PROBLEM TO WORK ON - Which lines of the records contain the word "Print"? Copy each one.

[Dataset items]
□ □ □ □ □
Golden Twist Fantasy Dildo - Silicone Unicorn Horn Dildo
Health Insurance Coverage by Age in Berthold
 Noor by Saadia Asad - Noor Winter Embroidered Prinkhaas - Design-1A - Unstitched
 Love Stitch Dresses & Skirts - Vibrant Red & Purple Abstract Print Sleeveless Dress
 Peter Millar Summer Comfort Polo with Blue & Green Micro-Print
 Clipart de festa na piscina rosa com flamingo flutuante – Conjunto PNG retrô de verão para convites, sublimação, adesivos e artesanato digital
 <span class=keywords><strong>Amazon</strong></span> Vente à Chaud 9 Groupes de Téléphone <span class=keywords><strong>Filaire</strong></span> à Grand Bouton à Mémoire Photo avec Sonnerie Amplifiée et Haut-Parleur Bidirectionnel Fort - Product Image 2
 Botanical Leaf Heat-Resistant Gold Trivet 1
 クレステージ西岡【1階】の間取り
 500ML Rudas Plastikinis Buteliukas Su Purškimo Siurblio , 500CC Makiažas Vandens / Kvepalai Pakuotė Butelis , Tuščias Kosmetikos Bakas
□ □ □ □ □
RESPONSE -
 Love Stitch Dresses & Skirts - Vibrant Red & Purple Abstract Print Sleeveless Dress
 Peter Millar Summer Comfort Polo with Blue & Green Micro-Print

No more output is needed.